Beyond Repair (Deeper Than Desire)

Home > Other > Beyond Repair (Deeper Than Desire) > Page 8
Beyond Repair (Deeper Than Desire) Page 8

by Charlotte Stein


  He was too busy trying to convince her of his innocence to do that.

  “Phone’s dead,” he said, in a voice that aimed for cheery and missed by a million miles. If she’d been asked to label it, she would have gone with wind whistling through a giant hole—and that was before she’d gotten to the lying part.

  Oh he was lying so hard it pained her. He had to know she’d seen. He clearly understood that his lie was meaningless. Yet he felt he had to offer it anyway just to...just to what? Hide the fact that he wanted out of this now? Suggest that his real life was calling, far sweeter than it had seemed before the awkward moment in the closet?

  That sounded pretty accurate to her, until she remembered what he’d just said. He wasn’t telling her he’d gotten some important calls and needed to run right out the door this very second. He was pretending he could no longer receive them.
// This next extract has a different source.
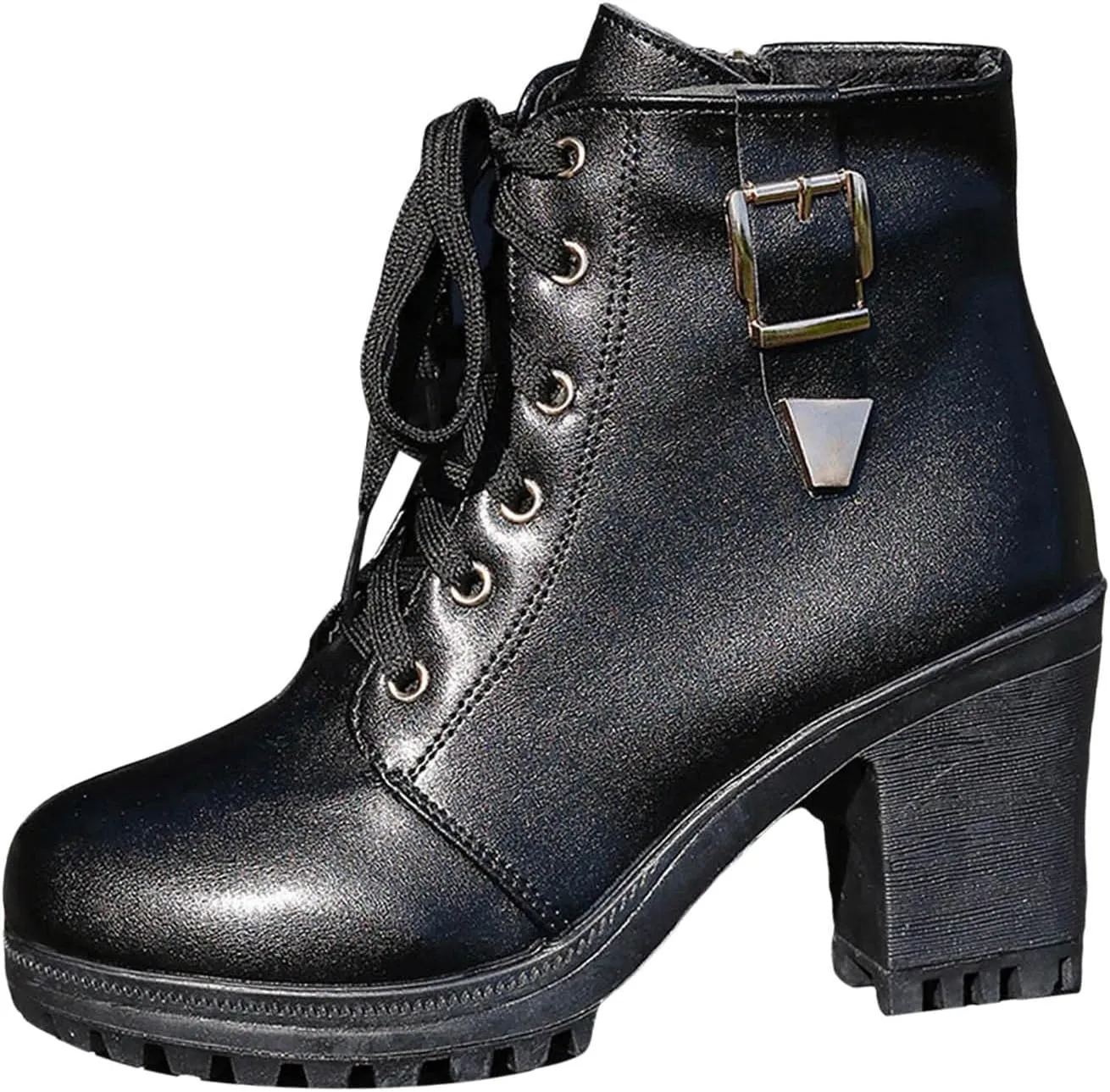 Cathalem Gothic Boots for Women Goth Platform Chunky Boots High Heel Black Ankle Booties Rivets Punk Combat Boot Shoes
That for all intents and purposes, all communication with the people in his world had ceased. They were gone. They were dead.

  He wanted to stay.

  Even though she’d bungled things and reacted weirdly to affection and thought of him as her dead husband, he wanted to stay. And now he was just waiting for her to tell him that it was okay—as though it was possible that she wouldn’t. He really thought she might question him about the lie, or suggest he find out what people wanted. She could see it in every little guilty glance he made in the phone’s direction, then even clearer in the desperate look he gave her.

  Don’t make me go back there, that look said.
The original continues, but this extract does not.